## [About this exercise]
Repeat exactly, and only, the lines of the entries below from the one with "Coliflor en el suelo de madera." through the one with "Fichamos el accesorio", both ends included.

## [Provided records]
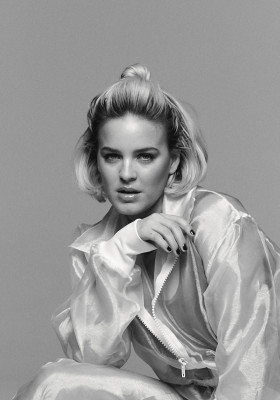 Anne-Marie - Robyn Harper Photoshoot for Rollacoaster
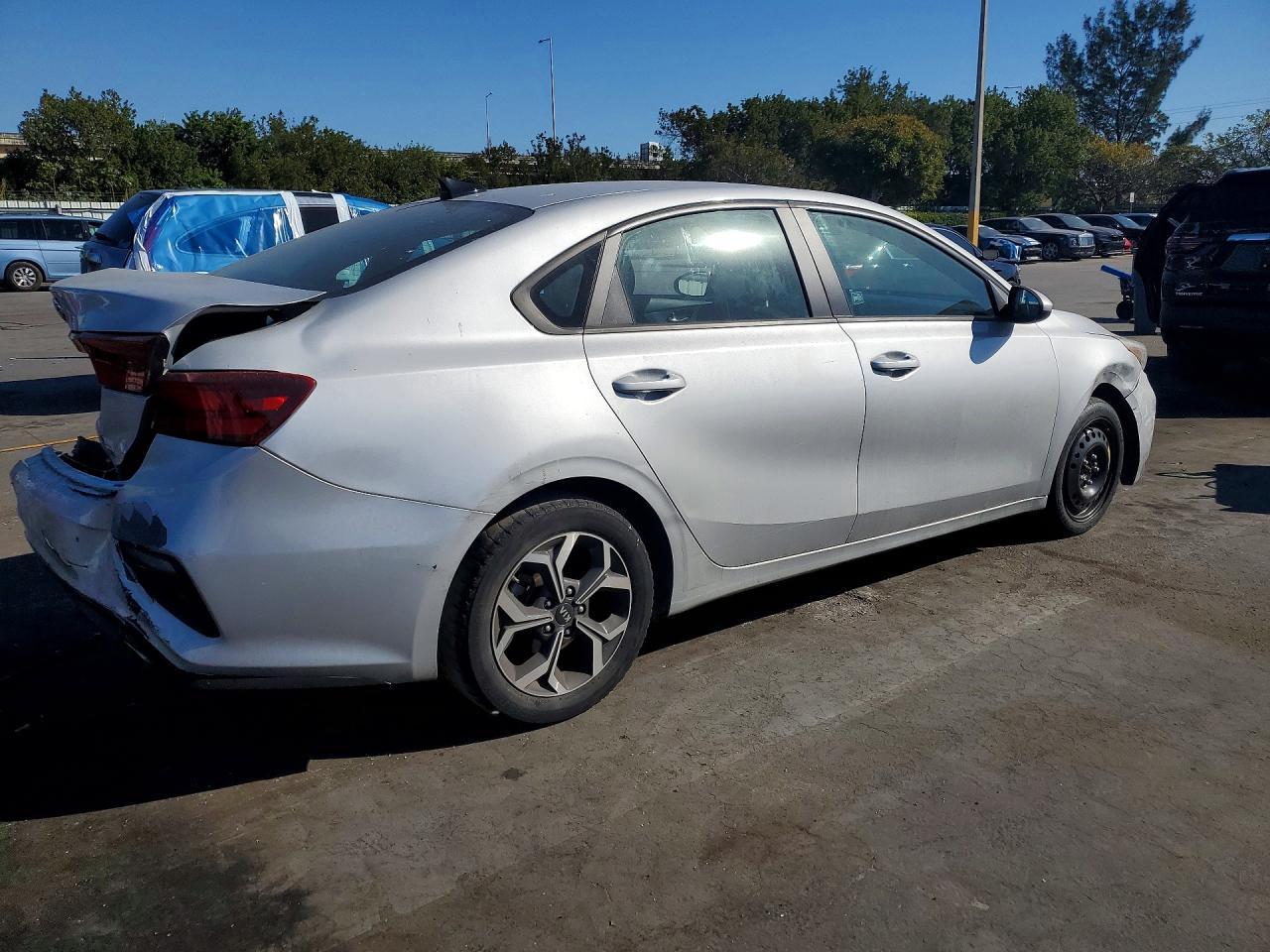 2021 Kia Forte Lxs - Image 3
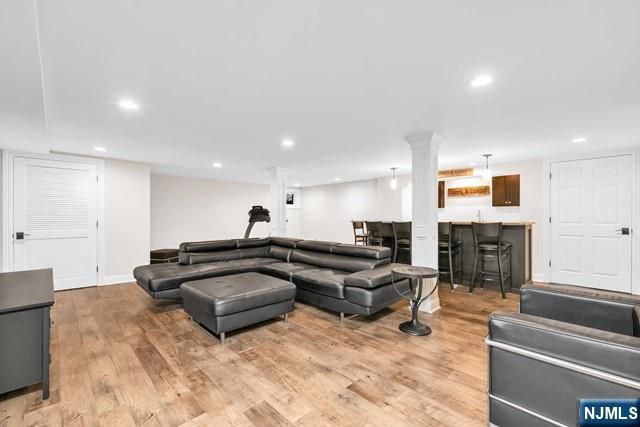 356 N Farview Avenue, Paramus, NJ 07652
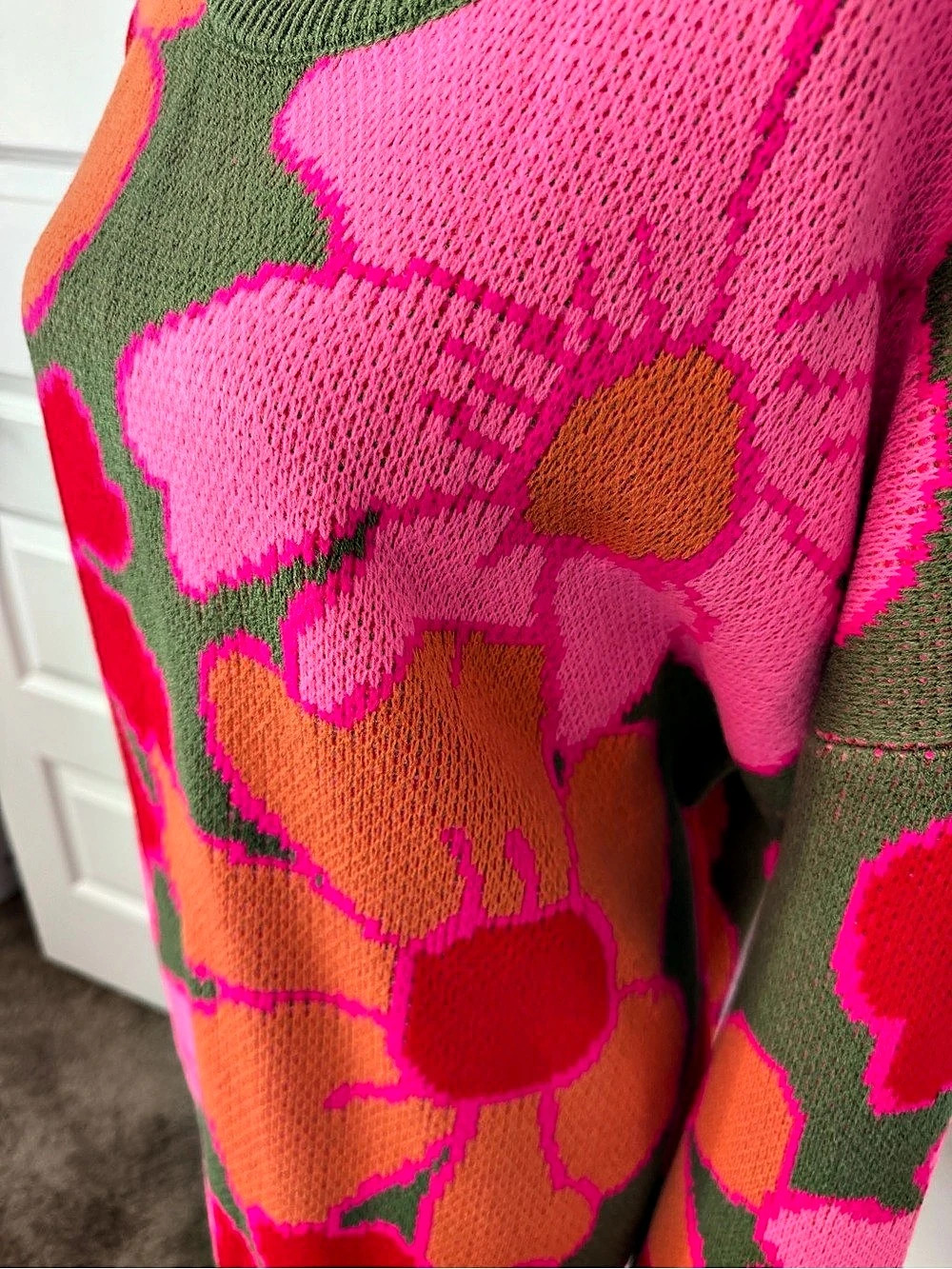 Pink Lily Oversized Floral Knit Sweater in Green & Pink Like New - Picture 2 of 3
* * *
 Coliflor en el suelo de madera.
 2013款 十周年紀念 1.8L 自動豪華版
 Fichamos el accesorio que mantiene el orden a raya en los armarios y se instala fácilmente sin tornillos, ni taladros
==
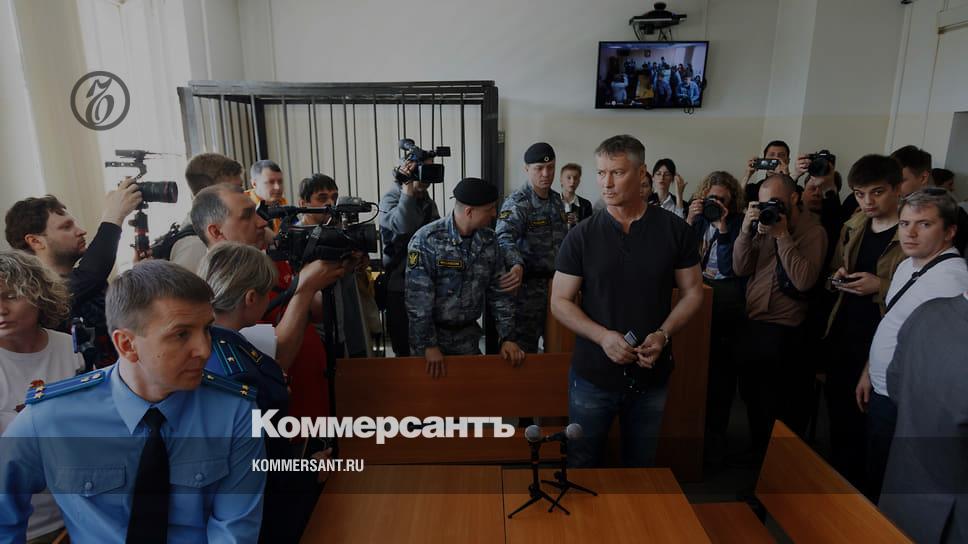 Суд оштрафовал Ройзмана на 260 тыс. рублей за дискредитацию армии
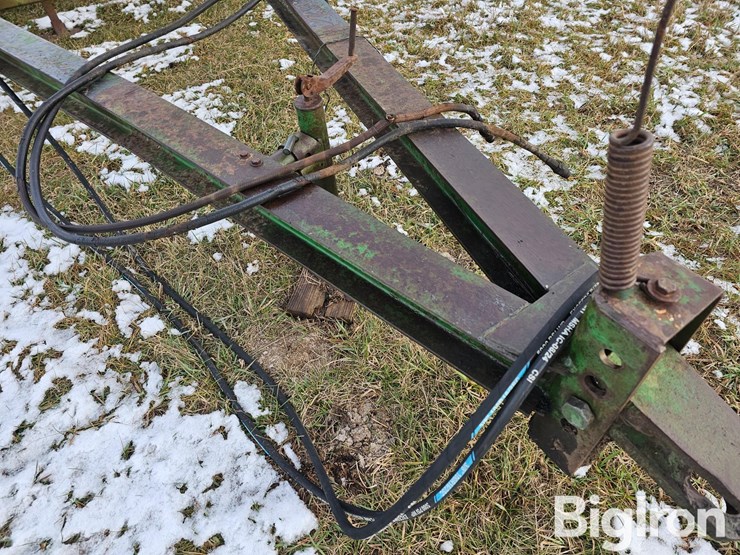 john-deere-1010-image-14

## [Solution]
 Coliflor en el suelo de madera.
 2013款 十周年紀念 1.8L 自動豪華版
 Fichamos el accesorio que mantiene el orden a raya en los armarios y se instala fácilmente sin tornillos, ni taladros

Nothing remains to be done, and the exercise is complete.